Doch nun sah beide man in Singapur,
Wie sie sich herzten dort in einer Tour.
Sie grinsten in die Kameras bei dem Polit-Klimbim.
Andauernd grapschte Donald nach der Hand von Kim.
Schon beim Laufen durch den Park
Drückte er sie ausdrucksstark.
Über'n Tisch beim Mittagessen,
Sah man ihn Kim's Händchen pressen.
Danach zärtlich auf dem Stuhl.
Man dachte schon, sie wären schwul.
Und Donalds Hand noch wohlig zittert,
Als er der ganzen Welt dann twittert
Von der "warmen Atmosphäre",
Die es in Singapur gewesen wäre.
So fehlte nach der Unterschrift auf dem Beschluss,
Dass man sich wieder treffen muss,
Am Ende nur der Bruderkuss.
Doch lassen wir jetzt das Gekicher,
Die Welt wird doch nur dadurch sicher,
Wenn man sich trifft mit Worten statt Raketen.
Denn wer sich trifft, kann sich nur schwer befehden.
Gut, nehmen wir mal Merkel und Seehofer aus.

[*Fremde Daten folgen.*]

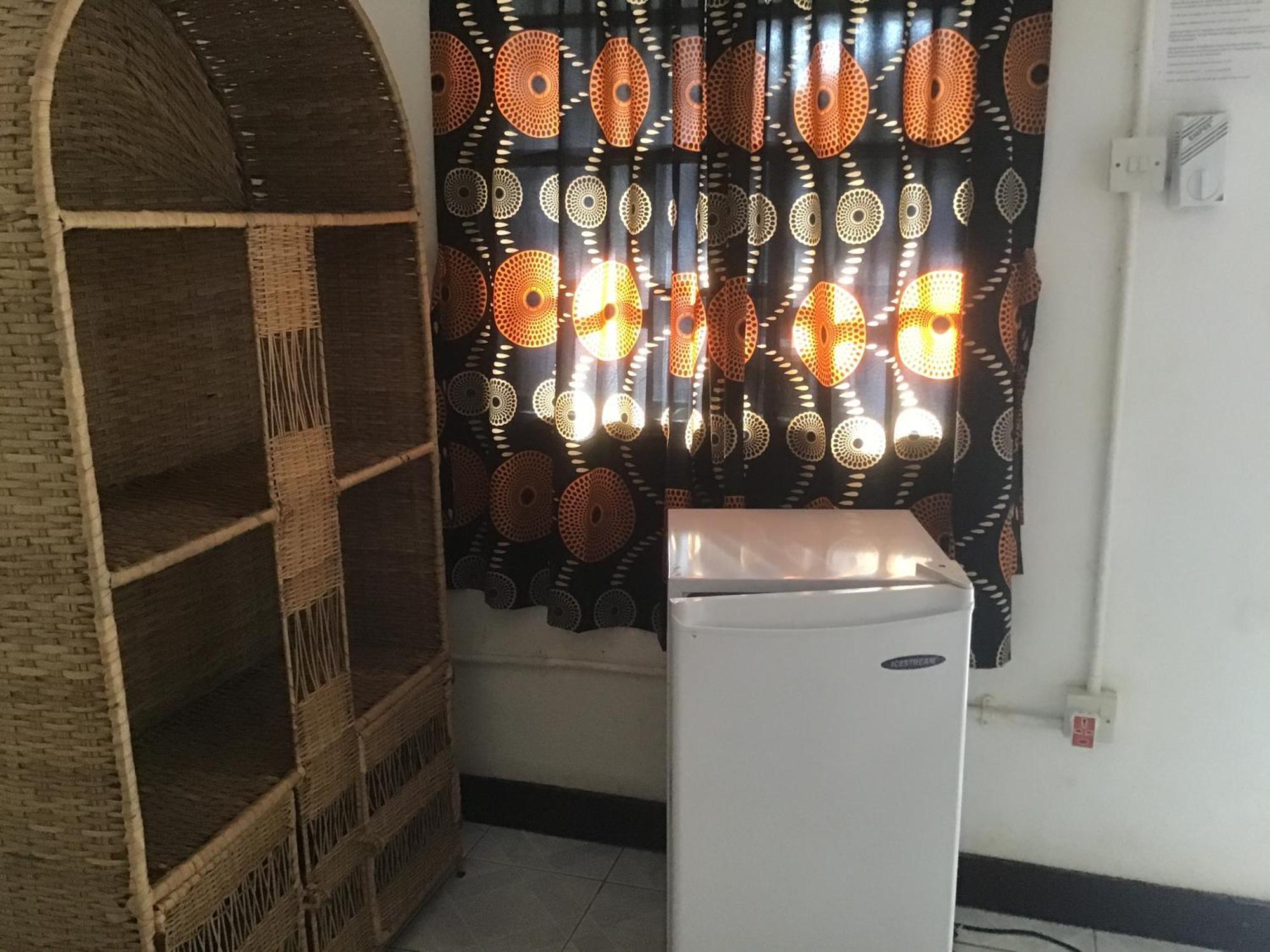 Anns Guesthouse Bakaugambia Экстерьер фото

Wenn die sich treffen, sieht es danach meist noch doofer aus.
Und wenn sie sich die Hände geben vor der Presse,
Ein jeder denkt: "Ich hätte meine Hand jetzt gern in deiner Fresse."
Sie treffen sich mit jedem Wort in Mark und Bein.
Wenn Änschie "Ja" sagt, sagt der Hotte "Nein!"
Und sagt sie "Hüh!", dann sagt er "Hott!".
So fährt man das Regierungsschiff zu Schrott.
Denn Hotte sieht sich als Einmanntorpedo.
Krieg ich nicht was ich will, so ist sein Credo,
Treff ich alleine eben die Entscheidung.
Ich dulde keinerlei Beschneidung.
So wird ein Treffen mit ihm stets zum Waterloo
Und die Regierung zum Ragout.
Denn hat bei ihrem nächsten Treffen keiner eingelenkt,
Dann heißt es: Treffer und versenkt.
Doch dieses Treffen int'ressiert zur Zeit hier keine Topsau.
Ob in Flensburg oder Unterkoskau
Int'ressiert nur eins: Wie treffen Jogis Jungs in Moskau?